Tekirdag, as I said, we think is kind of done and ready to start there and do some more delineation. But you won’t notice that; we’re during the development drilling, per se.

We expect Hayrabolu to be the next one. We hope to have at least another four or five wells drilled on that big Hayrabolu anticlinal structure. Even though it will, right now, I think there is four or five different field names within that same [inaudible]. But after we get the next four or five wells drilled, we think that that will enable us to plan something approaching the development program.

I don’t know if I could say at this point in time whether it’s the same size or bigger than the last size than Tekirdag. We just don’t have enough data there. We don’t have much hooked up there right now. But that’s the next one we would expect.

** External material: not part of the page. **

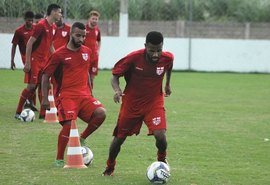 CRB pode ter mudanças para encarar o Brasil de Pelotas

Now, we’ve also had some successful fracs on structures that are back to the west that are further away from our pipeline. We like Hayrabolu, obviously, because we have a pipeline there. The blocks north of that, we’re working on getting the JV done in order to develop these three anticlinal structures; it’s set immediately north of Hayrabolu that we own 100% of. But we think Hayrabolu – Hayrabolu is connecting the pipeline. Hayrabolu is the next structure we see producing the kind of results that we need to go forward.

We also had successful completion on a well back further to the east in [inaudible] from our main pipeline infrastructure. So, it’s important to us to get – it’s important to us to spend the money where we can get a good payout, fast payout frac because we’re connected to the infrastructure. So we’ll probably – Hayrabolu is next.

Jamie Somerville – TD Securities

Thanks, Malone. Just with regards to those four or more wells you mentioned, now, what’s the potential timeline for those? Because that’s probably going to be quite important as to whether you could book reserves for – and I realize you’re not going to be able to book really meaningful reserves to that structure at year end, but four or five wells might be able to get you somewhere.

Malone Mitchell

No, those are all on the immediate drilling lines. Some of them are deeper wells. We are moving the rigs from [inaudible] to one of the deep wells in Hayrabolu. We had a truck driver actually turn the truck over, so we had to send a rig in to complete re–inspection on the [inaudible] anymore.

So, that’s the latest about three weeks on spreading that well while we flew in an inspector. We did everything on that big rig to make sure that it was good as new from an inspection standpoint. But most of those wells because we’re, again, stocking shallow or known production along with deeper objectives that have been driven off the system [ph].

We’ve really got two rigs that are suitable on drilling, I should say. We expect to get those wells drilled and at least some initial tests on before the end of the year.

Jamie Somerville – TD Securities

Perfect. Thank you very much.

Malone Mitchell

Thanks.

Operator

(Operator Instructions) Again, to ask a question, hit star and then one on your touch–tone phone. I’m not showing any further questions in the queue. I would now like to turn the call back to Mr. Malone Mitchell for any further remarks.

Malone Mitchell

Again, we would encourage anybody to touch base with Chad or Will or myself if you have additional questions. We’re going to be very – obviously, we’re not going to be able to answer on actual questions until the filing of the queue in the financials.

We thank you a lot of what you see there. But if you can comment, you can post until we get signoffs on that. We appreciate your patience being a shareholder. And if there’s anything we can do to give you further information, please come visit us or call us.

Thank you and have a good weekend.

Operator

Ladies and gentlemen, thank you for participating in today’s conference. This concludes today’s program. You may all disconnect. Everyone, have a great day.